Benjamim Maack wrote an interesting article on the work of Heinz Rühmann during Nazi Germany, to be read at SPIEGEL online from January 28th 2009.1

65 years ago, on January 28th 1944, the movie Feuerzangenbowle was premiered in Berlin.2  This funny comedy that would later became a cult film for pupils and students alike, was nearly forbidden: Nazi Minster of Science, Education and National Culture (ReichserziehungsministerBernhard Rust saw it to undermine the authority of schools and teaching staff. Heinz Rühmann, well-known and popular main actor of this and many more movies, went to the Wolfsschanze, Hitler’s headquarters. After Göring assured the movie would be funny, Hitler ordered it to be shown to the German people.

But I am not talking about this anecdote of a comedian (and neither about the congenial title, that is unfortunately untranslatable)3. Rather the author describes the difficult relation between an artist in a tyranny: when does the artistic work stop, when does the artis become a follower, if not an active collaborator?
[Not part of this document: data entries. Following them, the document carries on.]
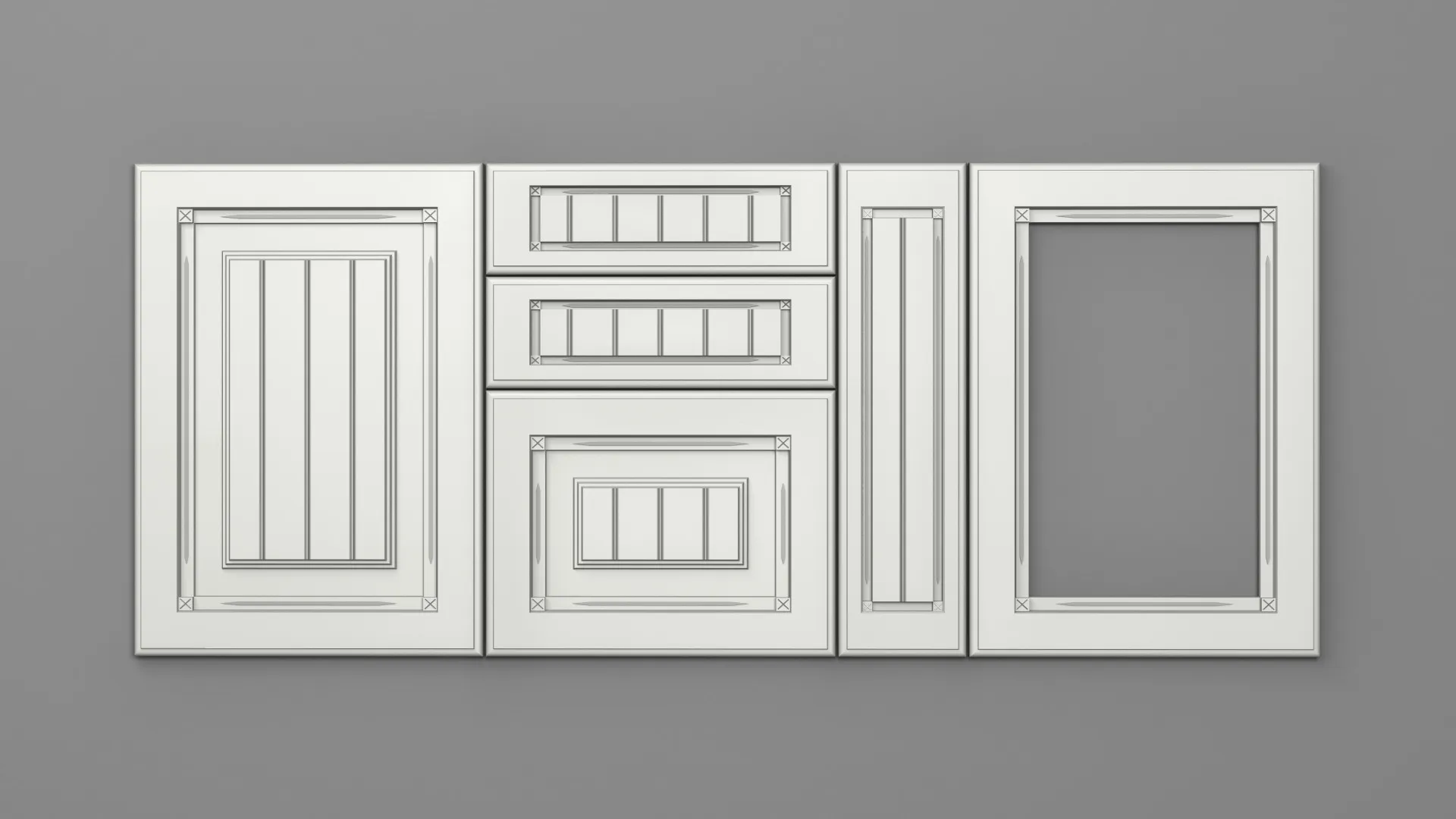 18 mm A76/P MAGNOLIA ULTRA MAT - ultra mat - culori uni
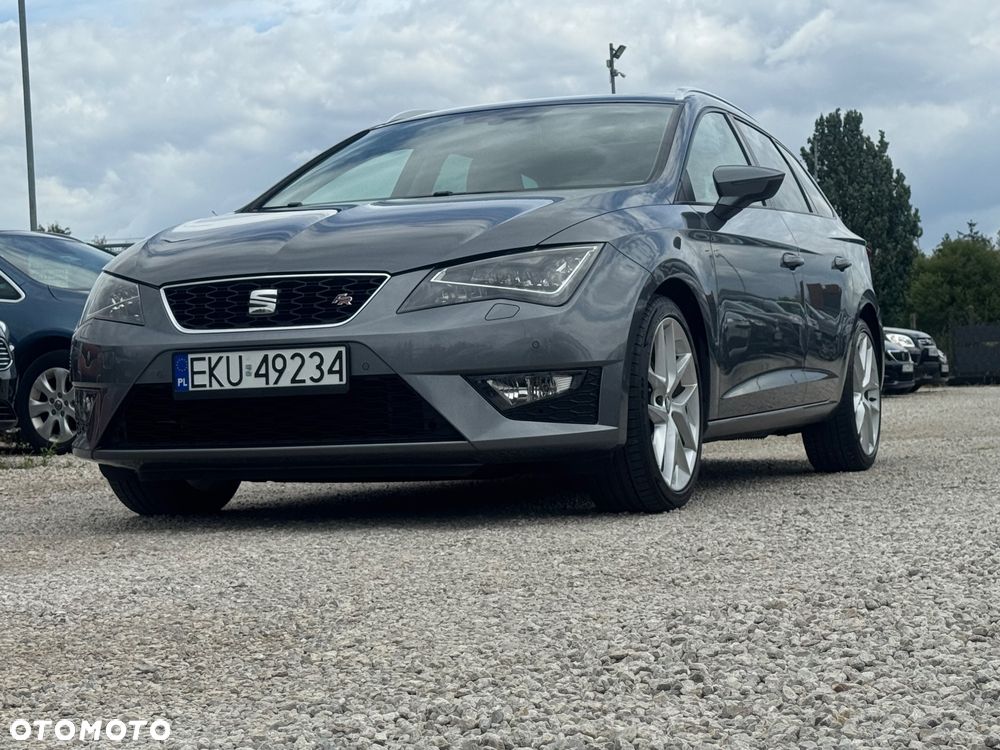 Seat Leon 2.0 TDI FR S&S EU6 - 4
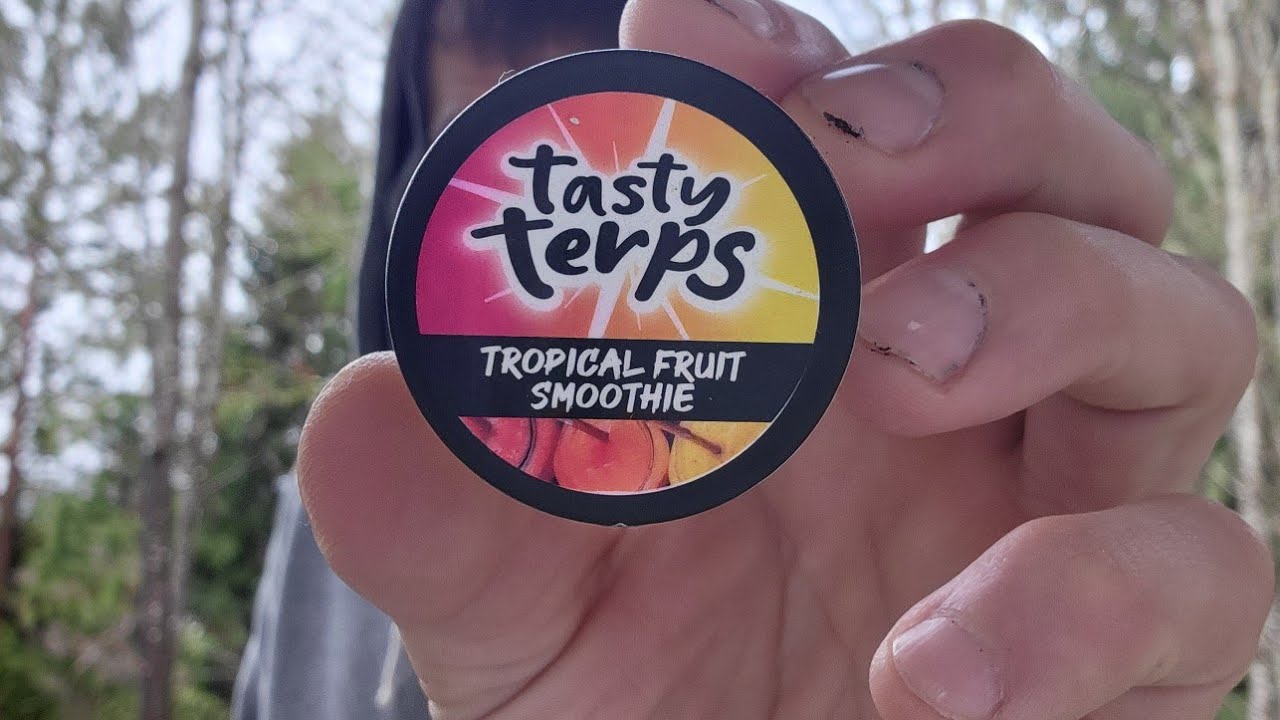 TASTY TERPS - TROPICAL FRUIT SMOOTHIE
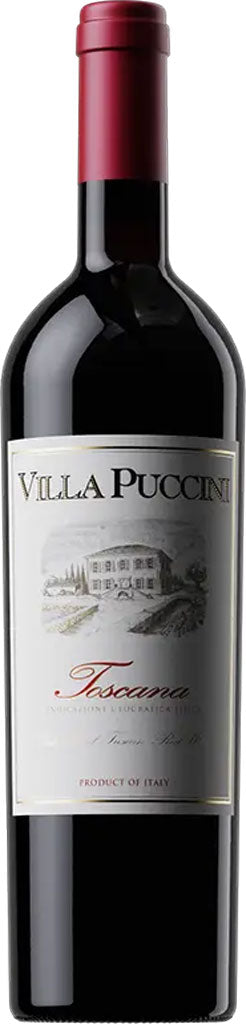 Villa Puccini Rosso Toscana 2017 750ml-0
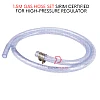 1.5m Gas Hose Set For High Pressure Regulator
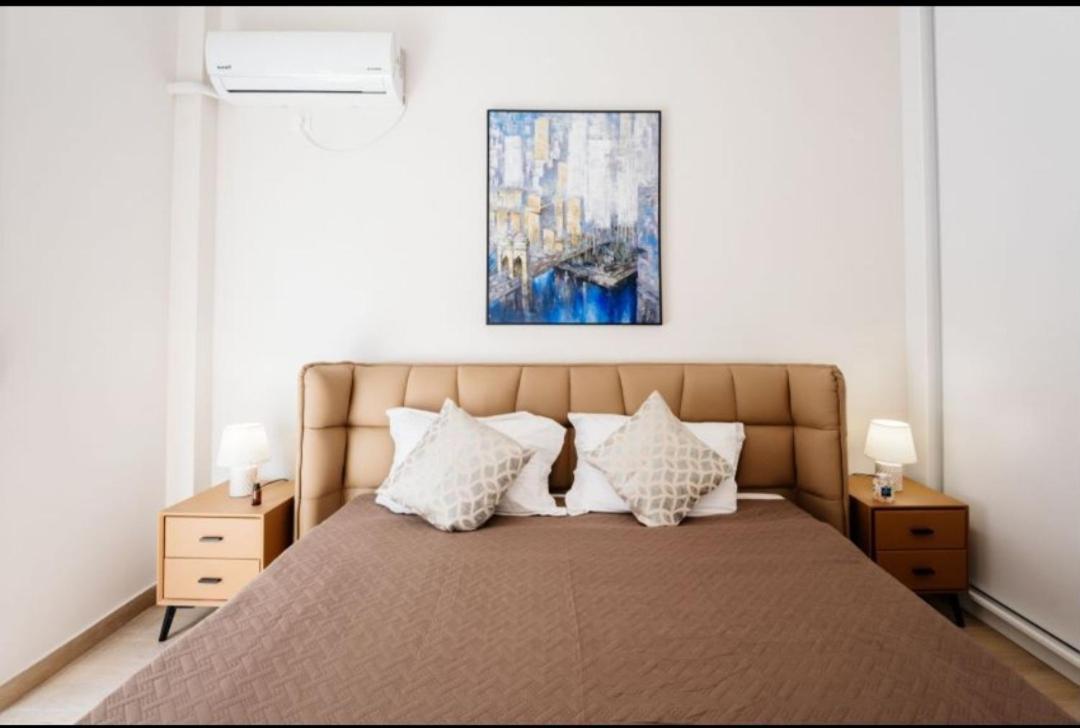 Brand New Apartment Nearby Metro Athens Luaran gambar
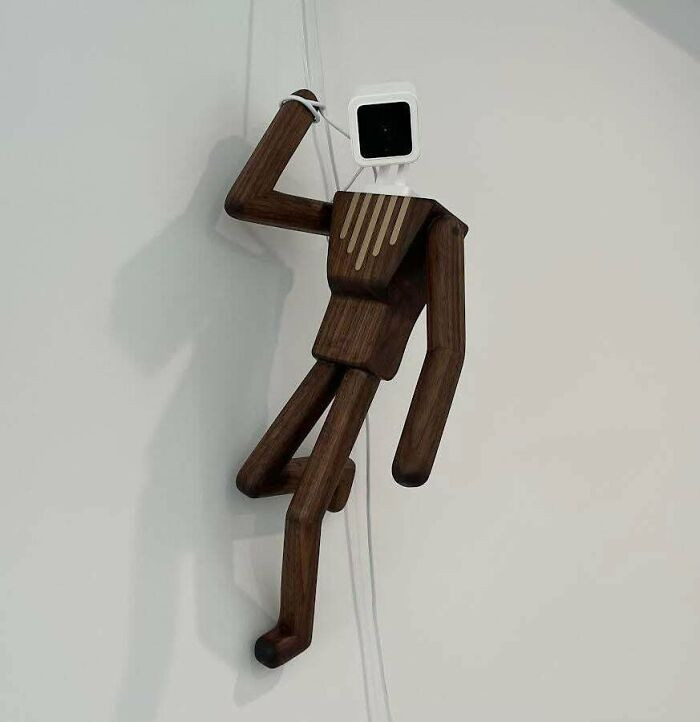 "I Made A Security Camera Bot"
Did Rühmann really support the Germans’ morale so much that they continued to fight and to bear war and dictatorship – or is such an assumption overestimating the power of propaganda? Could he save members of his staff to be sent to the front, or shouldn’t he have emigrated?
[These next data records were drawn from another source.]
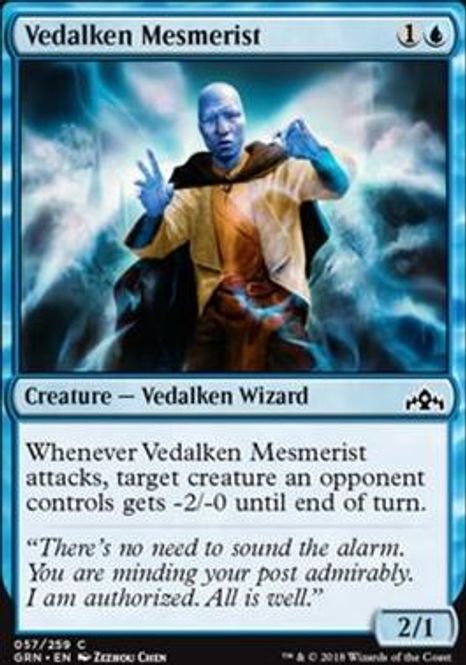 Hovedbilde Vedalken Mesmerist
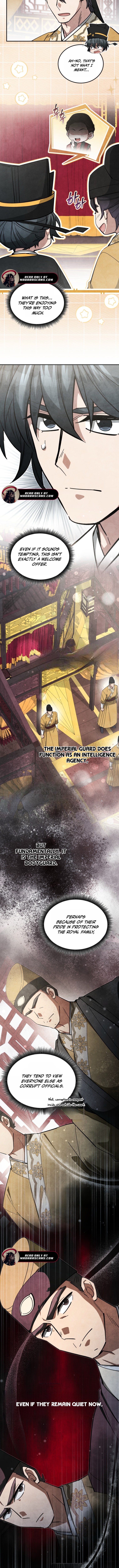 Read How to Live as a Civil Servant in Murim EN Manga Online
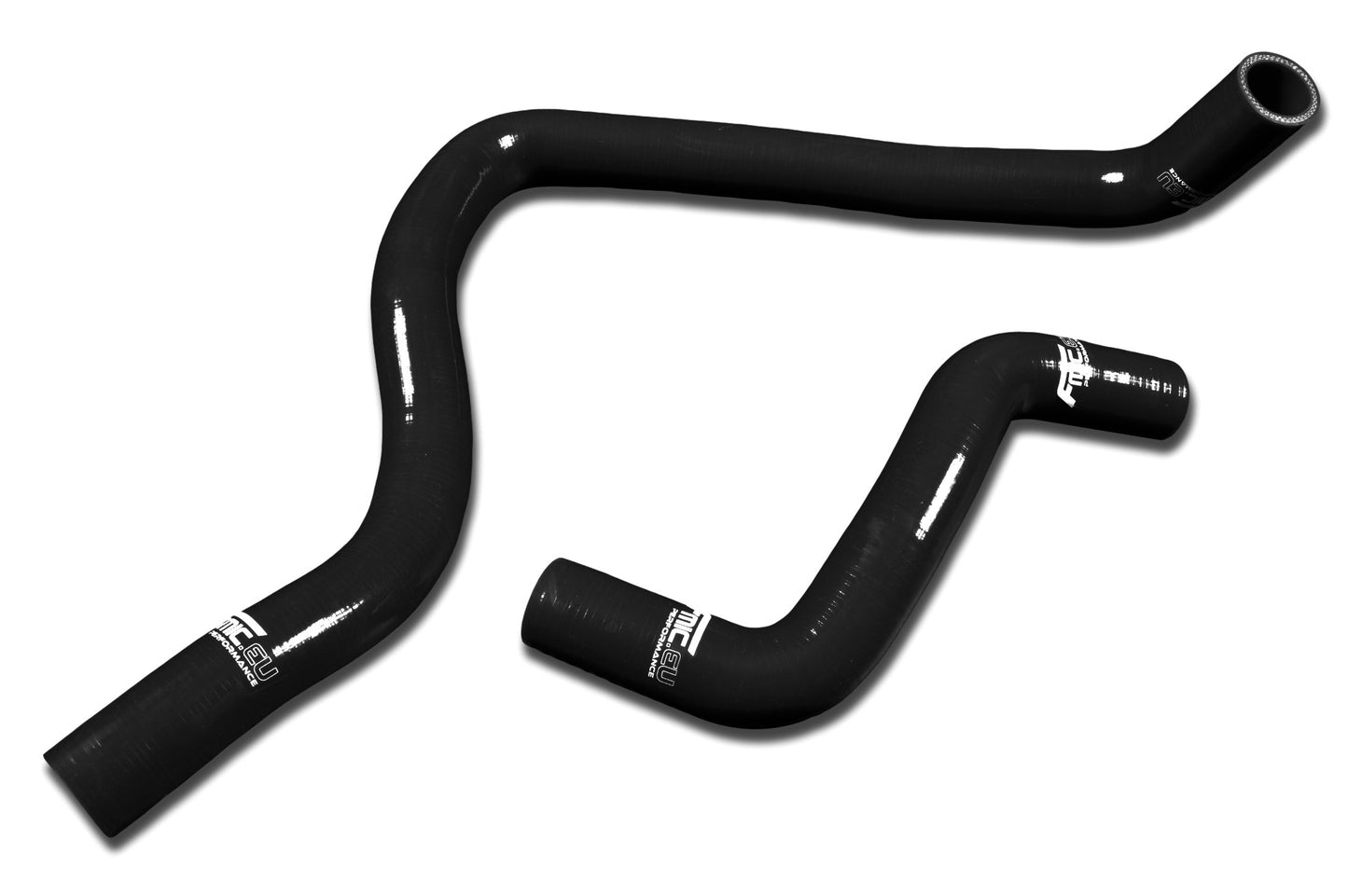 Kit Manguitos Silicona Refrigerante FMIC.EU Honda Prelude BB6 BB8 1997-2001 - Negro
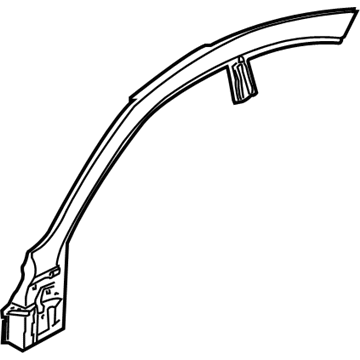 BMW 41-21-7-120-061 Roof Frame Left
All these questions Rühmann had to face by himself. There are no easy answers, however, especially not from the moral high ground of those who were happily born late.

  1. Heinz Rühmann was one of the most popular German actors ever.
  2. Feuerzangenbowle, literally “Fire-tongs punch” was a traditional alcoholic drink of the German student fraternities. If you want to know more about the drink: here we go.
  3. The title “(M)Untergang” is a combination of “downfall” (Untergang), referring not the least to the movie about Hitler’s last days, but adding an “m” it literally means “jolly walk” (there is no such word in German).